The GDR had the highest rate of female employment in the world, after ‘unification’ they were the first to be made redundant. Abortion on demand was legalised in the GDR in 1972 with women having access to all forms of birth control. Today in Germany abortion is illegal unless women submit to various ‘counselling’ sessions or on grounds of medical necessity. In the GDR free kindergarten places were guaranteed for all children; today they have to be paid for. In the state of Saxony, which has around four million inhabitants, over 1,000 schools have been closed since 1989.

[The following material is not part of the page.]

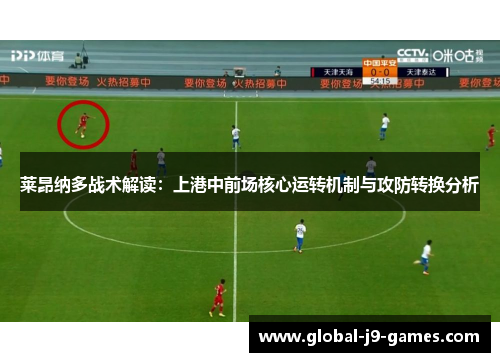 莱昂纳多战术解读：上港中前场核心运转机制与攻防转换分析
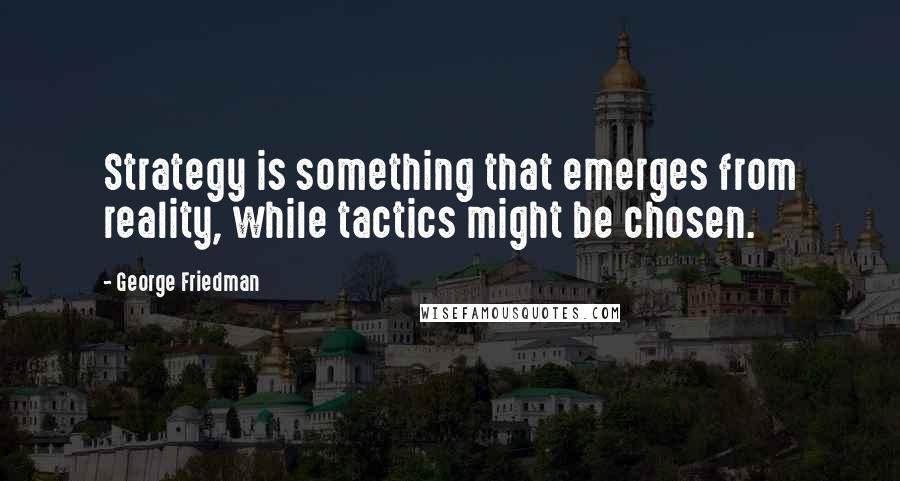 George Friedman Quotes: Strategy is something that emerges from reality, while tactics might be chosen.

In our article in FRFI 212 marking 20 years since the fall of the Wall we finished with a conclusion that still holds today,

‘The Socialist Workers Party held meetings to celebrate the fall of the Berlin Wall and collapse of the socialist states. Like many others on the British left they supported Lech Walesa’s Solidarnosc in Poland, which the US now acknowledges it advised and directed. Abusing the name of socialism the left aligned with imperialism. Within a year of the fall of the Berlin Wall the US and British armies were waging the First Gulf War and have been in a permanent state of war ever since. Such is the adverse effect of the collapse of the socialist countries on the global balance of class forces and it is nothing for workers to celebrate.’

Bob Shepherd


Acknowledgement to Le Monde Diplomatique, November 2019, for certain facts and figures.